Myanmar seeks to free fishermen from ‘slave islands’

03 April 2015
Myanmar seeks to free fishermen from ‘slave islands’
An Associated Press story on slavery in the Southeast Asian fishing industry has stirred regional governments into action. A fishing slave worker talks to AP. Photo: AP screenshot

Officials from Myanmar, Thailand and Indonesia are travelling to remote islands in eastern Indonesia to investigate how thousands of foreign fishermen were abused and forced into catching seafood that could end up in the United States, Europe and elsewhere, according to The Associated Press on April 2.
A week after The Associated Press published a story about slavery in the seafood industry — including video of men locked in a cage — delegations from Thailand and Indonesia visited the island village of Benjina. A government team from Myanmar is also scheduled to tour the area next week to try to determine how many of its citizens are stuck there and what can be done to bring them home.

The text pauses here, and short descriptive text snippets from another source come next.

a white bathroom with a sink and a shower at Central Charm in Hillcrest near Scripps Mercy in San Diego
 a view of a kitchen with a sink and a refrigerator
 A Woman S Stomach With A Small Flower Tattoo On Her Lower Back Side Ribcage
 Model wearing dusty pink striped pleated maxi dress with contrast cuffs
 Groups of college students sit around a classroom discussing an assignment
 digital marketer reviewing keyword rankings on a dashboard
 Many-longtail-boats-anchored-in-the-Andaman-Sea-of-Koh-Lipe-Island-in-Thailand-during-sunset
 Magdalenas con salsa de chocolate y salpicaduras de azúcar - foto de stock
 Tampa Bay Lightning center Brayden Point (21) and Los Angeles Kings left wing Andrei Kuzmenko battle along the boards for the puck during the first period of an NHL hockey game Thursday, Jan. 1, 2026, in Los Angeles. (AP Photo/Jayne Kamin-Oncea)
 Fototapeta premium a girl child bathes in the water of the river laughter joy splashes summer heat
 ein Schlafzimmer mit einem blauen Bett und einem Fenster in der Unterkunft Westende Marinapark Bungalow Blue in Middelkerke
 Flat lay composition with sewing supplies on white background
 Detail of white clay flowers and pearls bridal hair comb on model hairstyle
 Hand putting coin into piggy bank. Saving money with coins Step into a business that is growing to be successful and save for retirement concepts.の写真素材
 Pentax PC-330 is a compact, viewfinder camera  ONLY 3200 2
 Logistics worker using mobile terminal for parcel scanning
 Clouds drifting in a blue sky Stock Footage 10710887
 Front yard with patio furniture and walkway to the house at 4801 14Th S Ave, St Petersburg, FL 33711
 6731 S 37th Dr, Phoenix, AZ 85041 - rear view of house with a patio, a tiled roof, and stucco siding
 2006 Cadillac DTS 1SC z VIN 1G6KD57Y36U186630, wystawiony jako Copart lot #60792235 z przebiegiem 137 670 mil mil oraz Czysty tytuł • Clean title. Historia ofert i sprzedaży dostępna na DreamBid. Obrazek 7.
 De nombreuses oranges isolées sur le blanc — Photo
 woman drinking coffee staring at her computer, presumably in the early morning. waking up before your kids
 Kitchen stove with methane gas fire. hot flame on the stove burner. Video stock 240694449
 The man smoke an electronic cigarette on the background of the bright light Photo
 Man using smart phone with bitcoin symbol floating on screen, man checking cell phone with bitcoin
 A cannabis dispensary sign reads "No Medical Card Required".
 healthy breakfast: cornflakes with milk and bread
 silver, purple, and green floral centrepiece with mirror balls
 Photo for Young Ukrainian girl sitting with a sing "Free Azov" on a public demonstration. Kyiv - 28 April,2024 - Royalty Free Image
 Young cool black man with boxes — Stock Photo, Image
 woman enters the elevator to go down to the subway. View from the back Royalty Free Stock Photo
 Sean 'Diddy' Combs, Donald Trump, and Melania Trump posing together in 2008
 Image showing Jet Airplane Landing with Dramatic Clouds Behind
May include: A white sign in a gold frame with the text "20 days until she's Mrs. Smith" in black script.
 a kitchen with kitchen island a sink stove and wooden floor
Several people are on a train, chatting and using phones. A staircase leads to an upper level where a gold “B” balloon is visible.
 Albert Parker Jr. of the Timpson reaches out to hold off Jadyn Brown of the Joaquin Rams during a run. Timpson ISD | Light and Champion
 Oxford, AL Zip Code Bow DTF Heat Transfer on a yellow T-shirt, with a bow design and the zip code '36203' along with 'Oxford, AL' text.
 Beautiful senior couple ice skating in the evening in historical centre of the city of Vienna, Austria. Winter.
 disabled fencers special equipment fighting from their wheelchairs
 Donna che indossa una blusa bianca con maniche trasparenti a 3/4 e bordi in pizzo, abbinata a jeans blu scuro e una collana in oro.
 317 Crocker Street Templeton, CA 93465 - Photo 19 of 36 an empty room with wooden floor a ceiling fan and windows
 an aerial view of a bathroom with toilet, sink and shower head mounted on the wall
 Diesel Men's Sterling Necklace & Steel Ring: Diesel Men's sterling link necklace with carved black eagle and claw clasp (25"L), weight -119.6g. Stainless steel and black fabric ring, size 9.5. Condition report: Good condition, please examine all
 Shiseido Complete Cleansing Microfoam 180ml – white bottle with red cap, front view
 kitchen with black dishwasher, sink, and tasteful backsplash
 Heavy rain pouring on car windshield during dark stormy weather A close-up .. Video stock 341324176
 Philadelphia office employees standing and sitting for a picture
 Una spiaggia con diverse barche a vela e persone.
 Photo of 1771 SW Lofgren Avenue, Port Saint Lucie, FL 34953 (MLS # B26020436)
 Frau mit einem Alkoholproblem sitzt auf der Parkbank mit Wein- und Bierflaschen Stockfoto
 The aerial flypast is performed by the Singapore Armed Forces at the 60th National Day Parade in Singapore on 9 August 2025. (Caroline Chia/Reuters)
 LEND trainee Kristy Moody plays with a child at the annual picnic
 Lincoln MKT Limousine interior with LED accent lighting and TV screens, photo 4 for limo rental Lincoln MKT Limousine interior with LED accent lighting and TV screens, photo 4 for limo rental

None of this is new, according to migrant worker NGOs covering the issue. 
Rebuffing a comment made by the deputy chief of the International Organization for Migration to the press that “no one seemed to be aware of the problem,” migrants activist Andy Hall said it was well known in migrant rights and seafarer union circles for some time. 
“I myself, when advising the Myanmar government in 2013, assisted in the return of some 20 or so trafficked fisherman from these islands. IOM have been working on the issue with other related organisations for a long time too,” Mr Hall said in a post on Facebook.
The high-profile AP report, and the embarrassment it has caused, appears to have prompted action. 
The visits by the officials reflect how the problem stretches across several countries, and how difficult it has been to resolve. The migrant workers lured or even kidnapped into fishing are usually from Myanmar, one of the poorest countries in the world, along with Cambodia, Laos and impoverished areas of Thailand. 
They are brought from Thailand to fishing boats in Indonesia, where many say they are beaten, made to work long hours with little or no pay, and prevented from leaving. Their catch is then shipped back to Thailand, where it enters global markets, the AP story documented.
In Thailand, the Labour Ministry is stepping up its efforts to deal with human trafficking issues as Prime Minister Gen Prayuth Chan-ocha is poised to declare trafficking as a national agenda item in need of urgent attention.